▶ [Instructions to follow] Nothing but the pictures should be left out when you copy the records exactly.

━━━━━ Task inputs

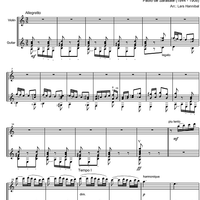 Spanish Dance Op.26 No. 4 - Score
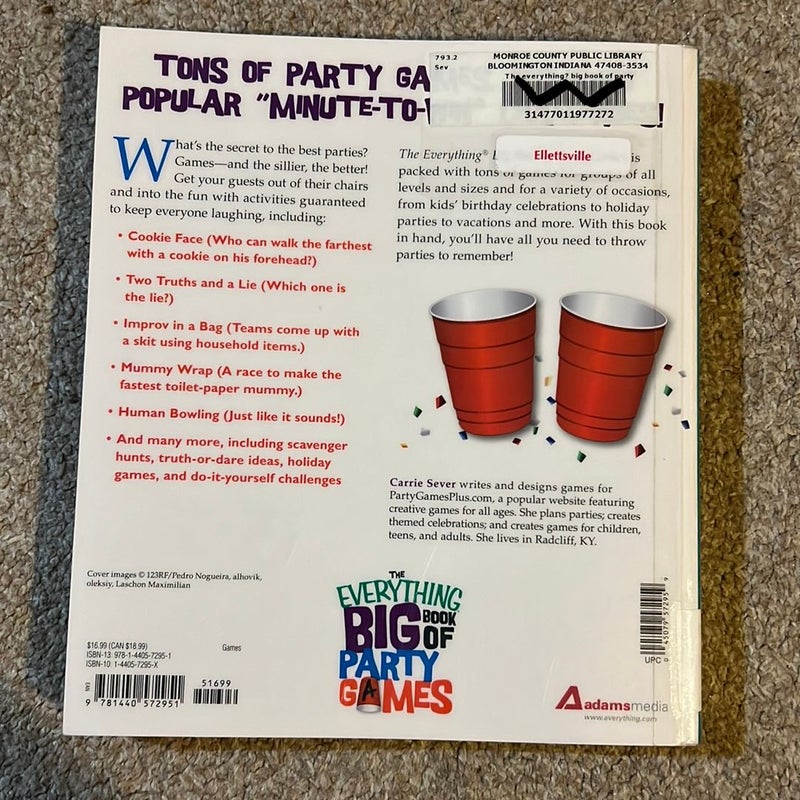 The Everything Big Book of Party Games
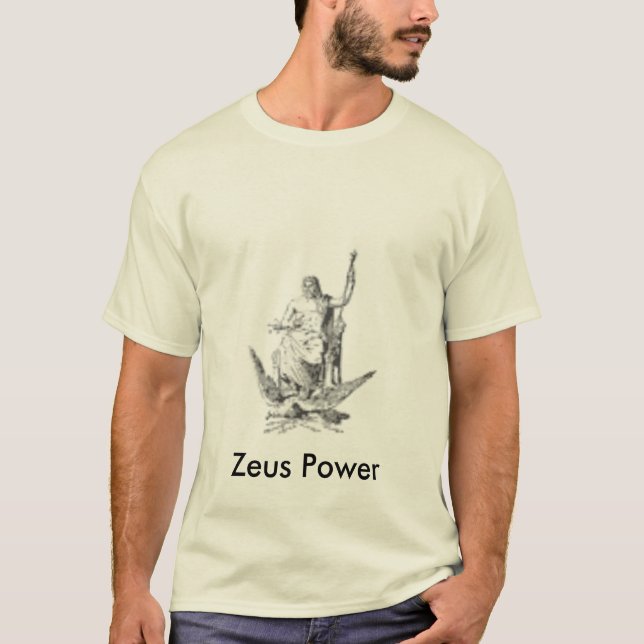 Zeus-Power-Liga T-Shirt (Vorderseite)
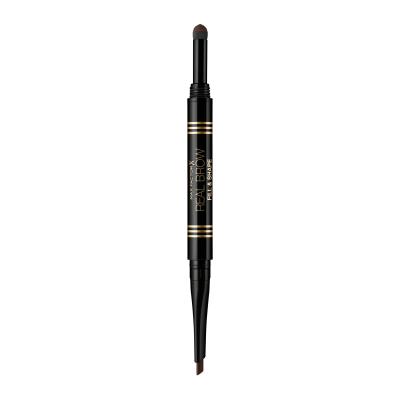 Max Factor Real Brow Fill &amp; Shape Kredka do brwi dla kobiet 0,6 g Odcień 004 Deep Brown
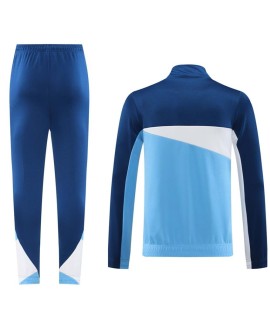Marseille Trainingsset (Jacke+Hose) Blau 2024/25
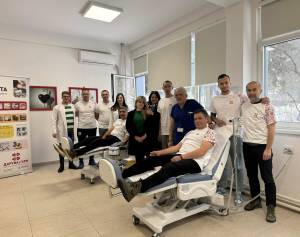 ФК Пелистер се приклучи на крводарителската кампања „СПОРТИСТИТЕ НА БРАНИКОТ НА ХУМАНОСТА“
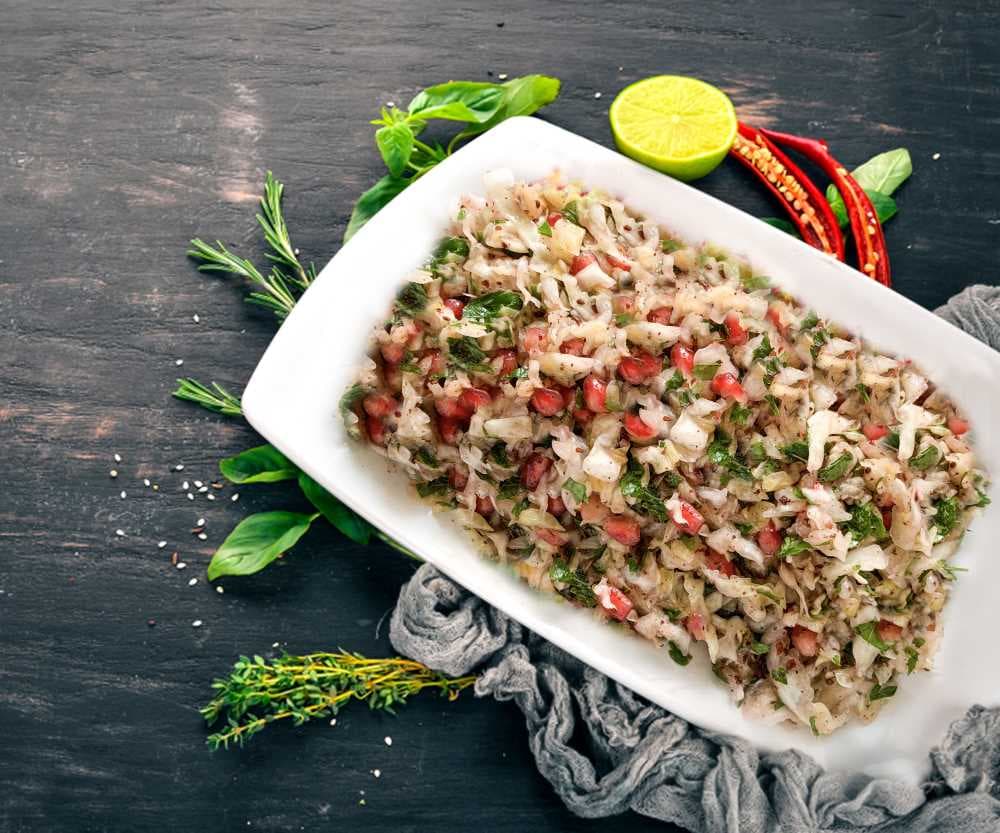 Kelem Salatası - Bitlis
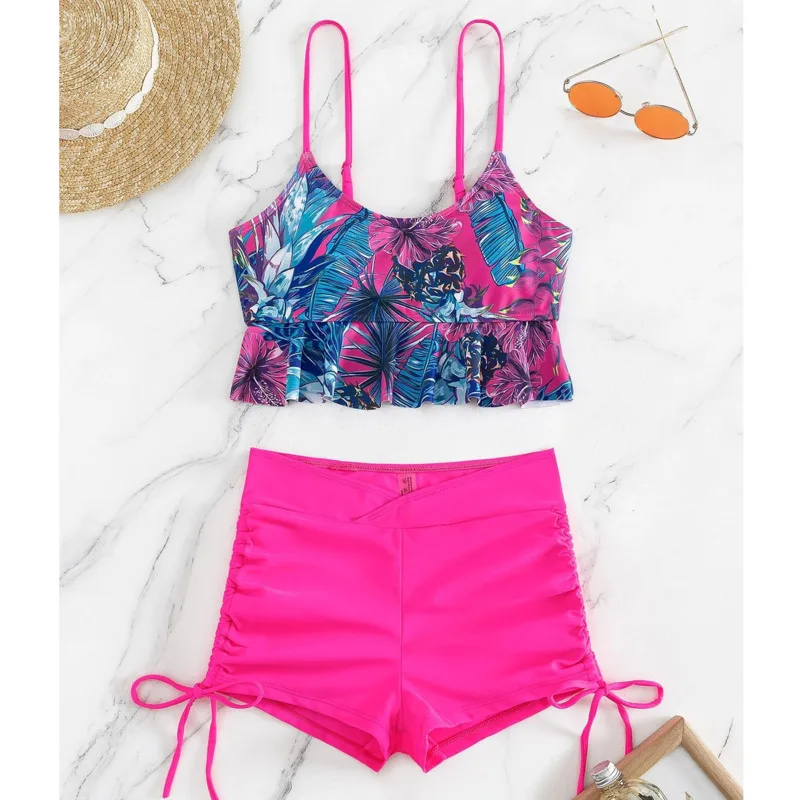 Summer-Sexy-Pink-Swimsuits-Tankini-Set-Female-Two-piece-Swimwear-Beach-Swim-Wear-Bathing-Suits-Pool-3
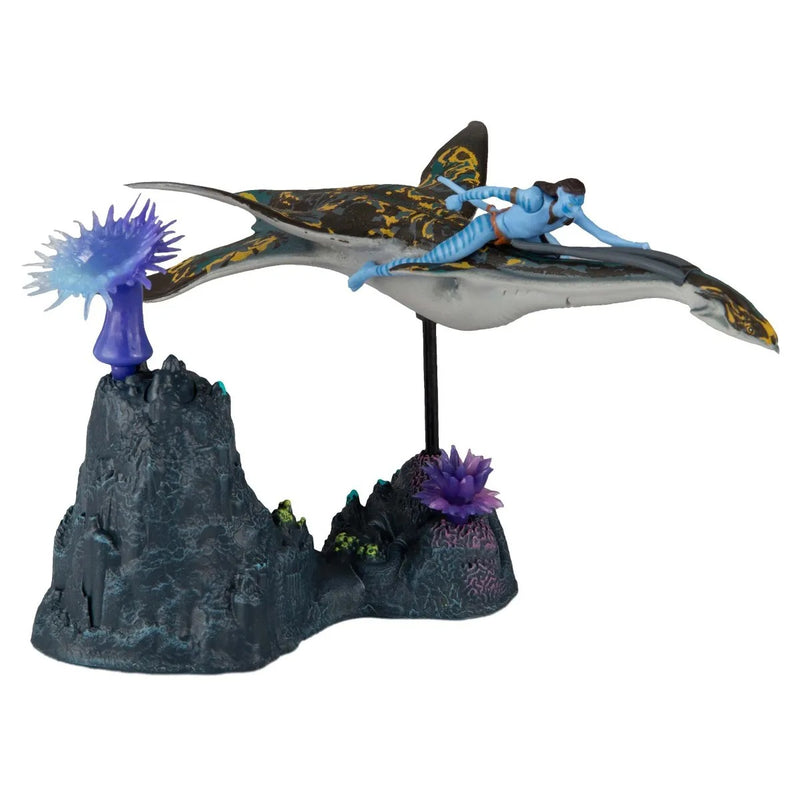 Disney Avatar: The Way of Water - Neteyam & Ilu Toys & Games McFarlane Toys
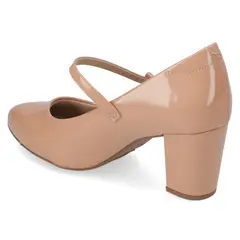 MODARE - Zapato Taco Mujer Beige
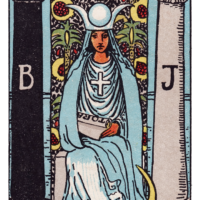 女教皇（The High Priestess）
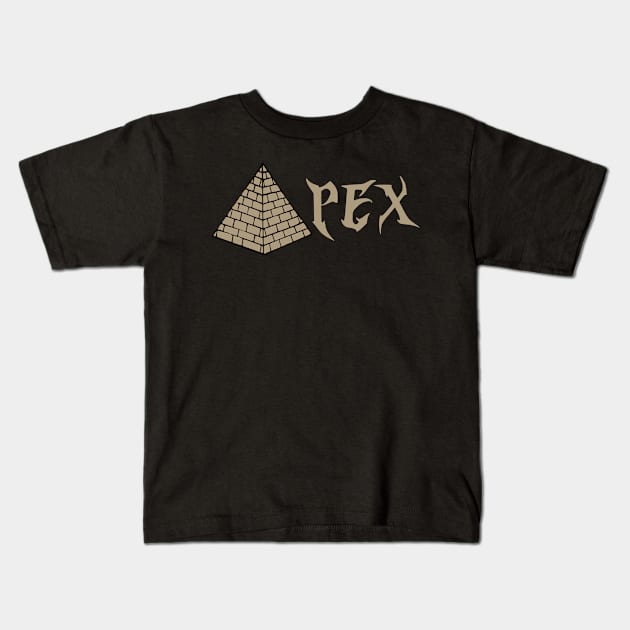 apex Kids T-Shirt by Oluwa290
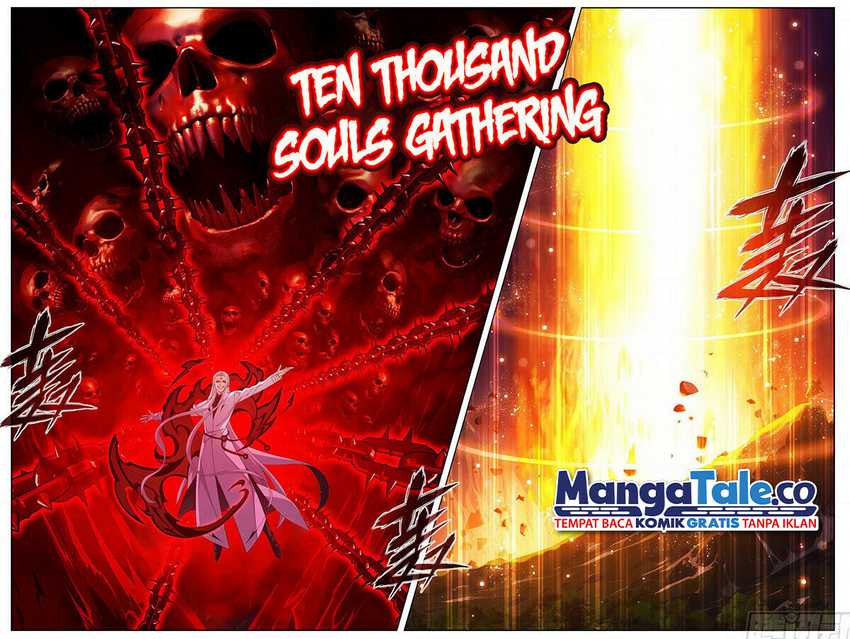 Battle Through the Heavens Chapter 447 Gambar 12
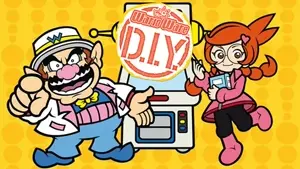 WarioWare D.I.Y. Game Cover
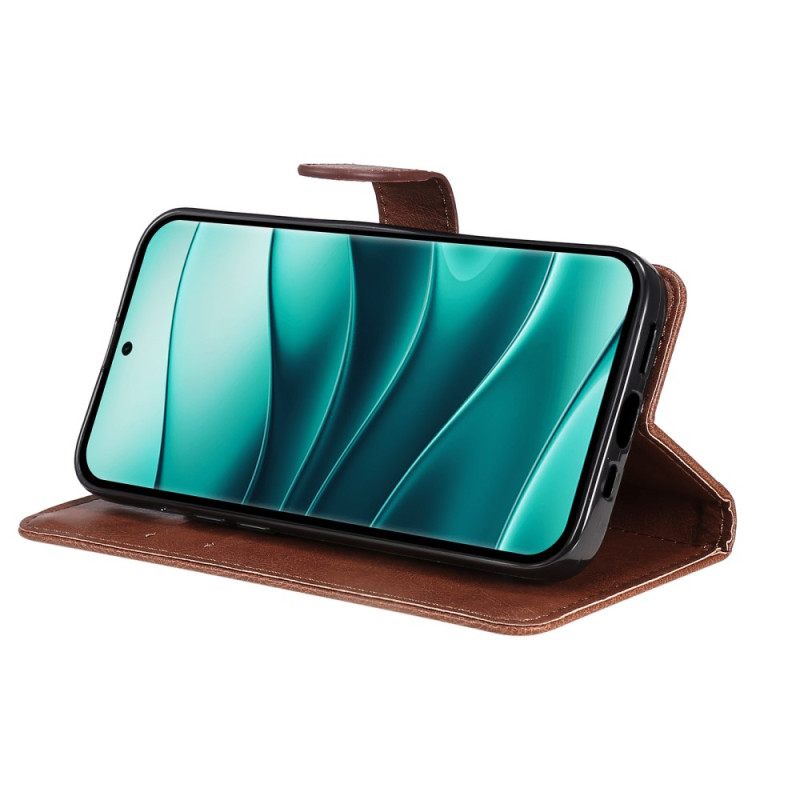 Kotelot Poco X7 5g Yksivärinen Keinonahka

━━━━━━━━━━

▶ [Result below]
 Spanish Dance Op.26 No. 4 - Score
 The Everything Big Book of Party Games
 Zeus-Power-Liga T-Shirt (Vorderseite)
 Max Factor Real Brow Fill &amp; Shape Kredka do brwi dla kobiet 0,6 g Odcień 004 Deep Brown
Marseille Trainingsset (Jacke+Hose) Blau 2024/25
 ФК Пелистер се приклучи на крводарителската кампања „СПОРТИСТИТЕ НА БРАНИКОТ НА ХУМАНОСТА“
 Kelem Salatası - Bitlis
 Summer-Sexy-Pink-Swimsuits-Tankini-Set-Female-Two-piece-Swimwear-Beach-Swim-Wear-Bathing-Suits-Pool-3
 Disney Avatar: The Way of Water - Neteyam & Ilu Toys & Games McFarlane Toys
 MODARE - Zapato Taco Mujer Beige
 女教皇（The High Priestess）
 apex Kids T-Shirt by Oluwa290
 Battle Through the Heavens Chapter 447 Gambar 12
 WarioWare D.I.Y. Game Cover
 Kotelot Poco X7 5g Yksivärinen Keinonahka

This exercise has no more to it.